While we can’t help you avoid serving tough chicken or lumpy gravy, there are other kitchen disasters we’re all too familiar with.
Plan ahead and follow our safety tips to steer clear of these common kitchen catastrophes:
1. Slips and falls. Clean up spills as soon as they happen, and check the floor periodically while you’re cooking to make sure there are no peels or other slippery debris underfoot.
2. Cuts from kitchen knives. Keep your knives in a block or in a separate container within a kitchen drawer. If you have kids, make sure the block or drawer is well out of their reach. And keep your knives sharp – dull knives can slip off the surface of what you’re trying to slice or chop, and cut your hand instead.
3. Kitchen fires. First, do all you can to prevent fires and burns:
- Keep appliances clean and in good repair. Crumbs in the toaster oven or gunk left in the microwave or oven can catch fire. And if your appliances are doing something weird – say, making an odd noise they weren’t before – stop using them and call a repairman.

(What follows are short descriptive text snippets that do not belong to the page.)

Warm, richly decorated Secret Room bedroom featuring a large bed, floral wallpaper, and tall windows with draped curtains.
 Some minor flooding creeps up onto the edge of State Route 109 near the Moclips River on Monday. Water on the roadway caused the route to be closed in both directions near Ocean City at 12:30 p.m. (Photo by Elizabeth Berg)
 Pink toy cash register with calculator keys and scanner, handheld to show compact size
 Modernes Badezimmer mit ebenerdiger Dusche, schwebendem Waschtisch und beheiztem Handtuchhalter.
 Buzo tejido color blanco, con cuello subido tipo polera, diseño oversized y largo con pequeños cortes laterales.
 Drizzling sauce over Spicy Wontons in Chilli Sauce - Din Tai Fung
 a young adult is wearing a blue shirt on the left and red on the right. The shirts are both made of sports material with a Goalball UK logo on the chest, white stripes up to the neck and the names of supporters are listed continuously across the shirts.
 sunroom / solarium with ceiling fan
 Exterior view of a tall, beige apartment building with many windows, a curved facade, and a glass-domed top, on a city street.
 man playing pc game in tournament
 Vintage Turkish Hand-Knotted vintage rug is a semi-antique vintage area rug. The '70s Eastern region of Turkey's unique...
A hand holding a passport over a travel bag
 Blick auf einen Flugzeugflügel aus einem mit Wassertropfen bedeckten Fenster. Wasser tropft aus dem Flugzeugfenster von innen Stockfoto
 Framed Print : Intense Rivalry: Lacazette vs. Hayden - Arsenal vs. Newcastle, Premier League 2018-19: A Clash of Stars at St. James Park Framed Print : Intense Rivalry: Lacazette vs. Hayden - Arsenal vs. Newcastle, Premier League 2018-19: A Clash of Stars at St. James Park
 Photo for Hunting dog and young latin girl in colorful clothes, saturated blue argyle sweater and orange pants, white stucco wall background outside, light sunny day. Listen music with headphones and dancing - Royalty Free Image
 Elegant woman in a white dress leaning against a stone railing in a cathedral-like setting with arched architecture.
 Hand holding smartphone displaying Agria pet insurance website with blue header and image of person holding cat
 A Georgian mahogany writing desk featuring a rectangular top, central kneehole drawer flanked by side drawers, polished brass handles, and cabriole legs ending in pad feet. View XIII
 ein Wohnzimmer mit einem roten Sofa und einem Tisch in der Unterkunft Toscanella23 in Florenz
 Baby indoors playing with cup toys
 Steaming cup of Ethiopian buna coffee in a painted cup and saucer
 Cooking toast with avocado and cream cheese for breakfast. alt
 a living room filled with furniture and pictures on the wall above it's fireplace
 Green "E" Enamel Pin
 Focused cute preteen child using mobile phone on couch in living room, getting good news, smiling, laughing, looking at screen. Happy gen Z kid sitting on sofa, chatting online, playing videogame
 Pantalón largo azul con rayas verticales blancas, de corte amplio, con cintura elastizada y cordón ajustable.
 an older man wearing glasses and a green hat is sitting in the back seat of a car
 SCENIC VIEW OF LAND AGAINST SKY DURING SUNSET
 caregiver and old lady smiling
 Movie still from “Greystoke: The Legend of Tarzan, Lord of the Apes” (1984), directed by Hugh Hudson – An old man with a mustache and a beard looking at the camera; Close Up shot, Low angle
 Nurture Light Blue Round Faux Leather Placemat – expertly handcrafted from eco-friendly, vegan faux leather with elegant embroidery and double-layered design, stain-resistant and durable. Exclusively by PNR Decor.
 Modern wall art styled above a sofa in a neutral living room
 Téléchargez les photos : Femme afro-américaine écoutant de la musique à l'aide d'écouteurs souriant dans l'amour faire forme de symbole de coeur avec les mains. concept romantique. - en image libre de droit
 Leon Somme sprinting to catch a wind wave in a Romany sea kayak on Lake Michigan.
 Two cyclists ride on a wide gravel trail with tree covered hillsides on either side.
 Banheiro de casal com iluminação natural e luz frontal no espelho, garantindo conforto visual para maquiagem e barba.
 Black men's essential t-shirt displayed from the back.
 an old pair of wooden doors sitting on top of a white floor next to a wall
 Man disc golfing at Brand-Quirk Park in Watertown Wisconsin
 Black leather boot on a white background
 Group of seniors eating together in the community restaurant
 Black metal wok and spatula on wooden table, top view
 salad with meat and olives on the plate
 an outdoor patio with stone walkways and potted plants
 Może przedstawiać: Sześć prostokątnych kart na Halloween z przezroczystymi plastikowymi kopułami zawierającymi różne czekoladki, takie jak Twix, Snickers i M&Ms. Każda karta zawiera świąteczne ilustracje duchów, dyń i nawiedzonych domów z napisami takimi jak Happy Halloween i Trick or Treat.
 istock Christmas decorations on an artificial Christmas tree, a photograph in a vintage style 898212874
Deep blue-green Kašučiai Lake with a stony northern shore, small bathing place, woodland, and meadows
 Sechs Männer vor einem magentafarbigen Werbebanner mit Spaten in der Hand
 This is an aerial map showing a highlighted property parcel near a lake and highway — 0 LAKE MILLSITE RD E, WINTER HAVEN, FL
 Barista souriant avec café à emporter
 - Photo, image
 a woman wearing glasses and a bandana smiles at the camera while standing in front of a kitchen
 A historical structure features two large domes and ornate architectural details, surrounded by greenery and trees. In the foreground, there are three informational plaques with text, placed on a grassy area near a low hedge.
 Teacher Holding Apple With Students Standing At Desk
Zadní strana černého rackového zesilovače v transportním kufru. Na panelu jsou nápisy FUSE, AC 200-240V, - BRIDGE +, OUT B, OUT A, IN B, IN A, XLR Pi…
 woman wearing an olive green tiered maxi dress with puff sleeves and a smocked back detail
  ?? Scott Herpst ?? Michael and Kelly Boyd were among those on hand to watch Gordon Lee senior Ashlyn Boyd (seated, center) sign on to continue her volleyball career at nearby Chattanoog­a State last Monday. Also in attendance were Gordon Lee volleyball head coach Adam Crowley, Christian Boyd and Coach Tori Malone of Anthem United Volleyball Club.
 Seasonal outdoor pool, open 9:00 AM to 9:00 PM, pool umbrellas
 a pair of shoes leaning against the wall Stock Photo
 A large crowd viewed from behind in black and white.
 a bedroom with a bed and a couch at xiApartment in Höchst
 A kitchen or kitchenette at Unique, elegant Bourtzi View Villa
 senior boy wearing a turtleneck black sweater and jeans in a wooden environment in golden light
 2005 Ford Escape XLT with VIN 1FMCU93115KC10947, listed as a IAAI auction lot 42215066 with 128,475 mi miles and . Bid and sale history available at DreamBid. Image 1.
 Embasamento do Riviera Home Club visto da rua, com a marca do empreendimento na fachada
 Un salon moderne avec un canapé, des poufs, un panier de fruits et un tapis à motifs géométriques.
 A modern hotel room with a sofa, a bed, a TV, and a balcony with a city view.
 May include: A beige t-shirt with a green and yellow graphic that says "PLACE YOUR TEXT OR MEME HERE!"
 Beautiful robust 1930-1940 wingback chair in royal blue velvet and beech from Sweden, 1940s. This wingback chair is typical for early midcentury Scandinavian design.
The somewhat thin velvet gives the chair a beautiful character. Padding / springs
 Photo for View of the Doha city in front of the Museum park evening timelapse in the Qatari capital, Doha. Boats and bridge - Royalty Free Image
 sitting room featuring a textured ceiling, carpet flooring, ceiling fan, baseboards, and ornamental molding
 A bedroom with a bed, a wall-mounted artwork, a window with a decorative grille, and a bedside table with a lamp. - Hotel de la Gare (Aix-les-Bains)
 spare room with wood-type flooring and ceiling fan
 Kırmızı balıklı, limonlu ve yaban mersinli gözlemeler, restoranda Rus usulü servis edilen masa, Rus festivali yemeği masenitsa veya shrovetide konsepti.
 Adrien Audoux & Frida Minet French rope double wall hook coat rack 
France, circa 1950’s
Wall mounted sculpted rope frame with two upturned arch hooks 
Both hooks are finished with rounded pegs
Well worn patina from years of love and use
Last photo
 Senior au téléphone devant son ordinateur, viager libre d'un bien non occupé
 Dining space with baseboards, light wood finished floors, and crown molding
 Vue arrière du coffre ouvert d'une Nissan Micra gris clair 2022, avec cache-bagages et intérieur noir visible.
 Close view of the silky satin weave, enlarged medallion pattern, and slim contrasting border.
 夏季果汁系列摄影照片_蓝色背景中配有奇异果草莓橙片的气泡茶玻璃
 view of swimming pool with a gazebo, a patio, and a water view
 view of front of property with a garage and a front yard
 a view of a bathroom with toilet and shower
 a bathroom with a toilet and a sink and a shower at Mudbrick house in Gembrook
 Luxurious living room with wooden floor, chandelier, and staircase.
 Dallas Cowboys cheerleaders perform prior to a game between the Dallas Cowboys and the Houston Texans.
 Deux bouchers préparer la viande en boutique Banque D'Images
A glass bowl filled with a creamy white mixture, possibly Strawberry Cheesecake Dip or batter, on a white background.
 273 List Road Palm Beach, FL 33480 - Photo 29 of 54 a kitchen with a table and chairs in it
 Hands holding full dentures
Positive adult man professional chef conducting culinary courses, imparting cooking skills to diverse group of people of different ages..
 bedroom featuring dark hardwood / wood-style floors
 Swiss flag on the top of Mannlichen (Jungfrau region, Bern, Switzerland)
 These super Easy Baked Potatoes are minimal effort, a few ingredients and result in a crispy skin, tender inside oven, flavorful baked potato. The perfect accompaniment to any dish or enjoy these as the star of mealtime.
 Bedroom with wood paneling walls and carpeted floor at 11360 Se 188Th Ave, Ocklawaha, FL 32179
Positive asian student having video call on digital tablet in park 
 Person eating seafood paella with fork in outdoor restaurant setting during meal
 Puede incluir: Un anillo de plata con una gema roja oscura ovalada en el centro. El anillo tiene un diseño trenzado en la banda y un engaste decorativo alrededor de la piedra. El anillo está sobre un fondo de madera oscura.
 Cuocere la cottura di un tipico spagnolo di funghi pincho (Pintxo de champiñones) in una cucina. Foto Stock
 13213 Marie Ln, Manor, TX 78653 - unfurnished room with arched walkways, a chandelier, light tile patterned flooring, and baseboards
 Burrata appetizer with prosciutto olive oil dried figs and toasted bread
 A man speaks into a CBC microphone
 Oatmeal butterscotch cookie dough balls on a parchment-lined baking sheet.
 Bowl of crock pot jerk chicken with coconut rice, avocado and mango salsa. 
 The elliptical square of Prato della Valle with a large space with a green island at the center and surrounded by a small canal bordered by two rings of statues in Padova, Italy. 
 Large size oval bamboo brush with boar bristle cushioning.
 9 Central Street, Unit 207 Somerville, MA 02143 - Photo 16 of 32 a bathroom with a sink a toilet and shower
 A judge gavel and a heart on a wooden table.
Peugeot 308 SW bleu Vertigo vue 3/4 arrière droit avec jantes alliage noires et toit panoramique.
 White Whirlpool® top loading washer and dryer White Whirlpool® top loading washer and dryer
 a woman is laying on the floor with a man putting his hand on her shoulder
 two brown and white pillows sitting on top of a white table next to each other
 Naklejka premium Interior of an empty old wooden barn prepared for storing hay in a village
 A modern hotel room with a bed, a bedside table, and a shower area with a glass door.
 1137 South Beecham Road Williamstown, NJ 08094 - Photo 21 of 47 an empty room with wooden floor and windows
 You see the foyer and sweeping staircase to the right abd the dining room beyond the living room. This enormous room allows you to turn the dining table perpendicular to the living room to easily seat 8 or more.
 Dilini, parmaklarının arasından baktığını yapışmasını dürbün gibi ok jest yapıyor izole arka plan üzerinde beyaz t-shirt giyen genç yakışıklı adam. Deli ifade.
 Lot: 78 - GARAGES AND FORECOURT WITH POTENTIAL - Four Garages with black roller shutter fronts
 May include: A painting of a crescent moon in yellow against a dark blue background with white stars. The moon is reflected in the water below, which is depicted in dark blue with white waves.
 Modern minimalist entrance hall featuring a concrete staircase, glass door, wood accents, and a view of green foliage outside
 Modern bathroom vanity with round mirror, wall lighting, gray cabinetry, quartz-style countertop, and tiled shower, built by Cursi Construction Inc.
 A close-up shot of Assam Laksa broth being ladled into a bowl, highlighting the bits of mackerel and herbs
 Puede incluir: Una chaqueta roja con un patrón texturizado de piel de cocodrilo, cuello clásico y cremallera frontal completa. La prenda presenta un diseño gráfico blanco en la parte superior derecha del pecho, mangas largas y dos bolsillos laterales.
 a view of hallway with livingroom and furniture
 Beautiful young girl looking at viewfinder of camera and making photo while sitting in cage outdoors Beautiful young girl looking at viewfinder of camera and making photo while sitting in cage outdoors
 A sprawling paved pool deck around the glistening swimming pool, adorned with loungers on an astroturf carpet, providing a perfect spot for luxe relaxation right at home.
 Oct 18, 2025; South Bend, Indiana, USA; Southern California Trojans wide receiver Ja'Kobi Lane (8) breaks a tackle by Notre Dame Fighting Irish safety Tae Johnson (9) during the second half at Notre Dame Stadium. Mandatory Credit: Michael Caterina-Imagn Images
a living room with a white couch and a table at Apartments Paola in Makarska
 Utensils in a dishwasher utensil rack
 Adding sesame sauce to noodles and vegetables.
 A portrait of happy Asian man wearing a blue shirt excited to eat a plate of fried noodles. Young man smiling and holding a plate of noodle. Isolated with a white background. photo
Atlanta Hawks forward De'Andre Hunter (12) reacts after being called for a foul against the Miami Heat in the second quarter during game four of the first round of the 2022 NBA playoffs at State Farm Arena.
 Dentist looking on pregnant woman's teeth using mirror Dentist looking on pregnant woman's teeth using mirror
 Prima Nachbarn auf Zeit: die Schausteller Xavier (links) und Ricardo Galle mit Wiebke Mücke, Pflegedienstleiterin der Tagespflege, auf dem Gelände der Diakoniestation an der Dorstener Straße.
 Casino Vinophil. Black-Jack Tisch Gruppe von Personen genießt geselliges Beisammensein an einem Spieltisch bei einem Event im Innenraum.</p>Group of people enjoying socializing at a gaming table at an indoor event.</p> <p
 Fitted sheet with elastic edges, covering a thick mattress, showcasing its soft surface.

- Keep towels away from the stove. Both cloth and paper towels can catch fire easily if left too close to a burner.
- Choose your clothing wisely. Long, flowy sleeves, scarves, neckties – any of these can drag over a hot burner and catch fire, or dip into a boiling pot of water. Tying long hair back while cooking is also a good idea.
- Unplug appliances when not in use. Faulty wiring in your toaster or microwave can spark a fire even when you aren’t using it.
- Never leave pots or pans of cooking food unattended. Kids, pets, a strong breeze – you never know what might happen. Keep pot handles turned toward the center of the stove too, so no one can bump into them.
- Get a kitchen fire extinguisher and know how to use it. Check the pressure gauge monthly to make sure the needle is in the green area (if not, replace it). Also replace it if there are any cracks in the hose or handle, or if the nozzle is blocked with debris.
Second, know what to do if there is a fire:
- Oven fires. Shut the door to the oven or microwave. The lack of oxygen should stifle the fire. If the fire doesn’t seem to be dying down, call 911.
- Stovetop fires. If a pan catches fire, use a potholder or oven mitt to clap a lid on it, and take it off the burner – following the same principle of cutting off oxygen to flames. If you don’t have a lid, use your fire extinguisher.
- Never pour water on a grease fire. It can make it worse. You can douse the flames with baking soda or salt, but don’t use flour – it can actually explode.
If all these measures fail, dial 911 immediately and evacuate your home. And of course, make sure you have comprehensive homeowners insurance in case, despite all your precautions, a kitchen fire gets out of hand.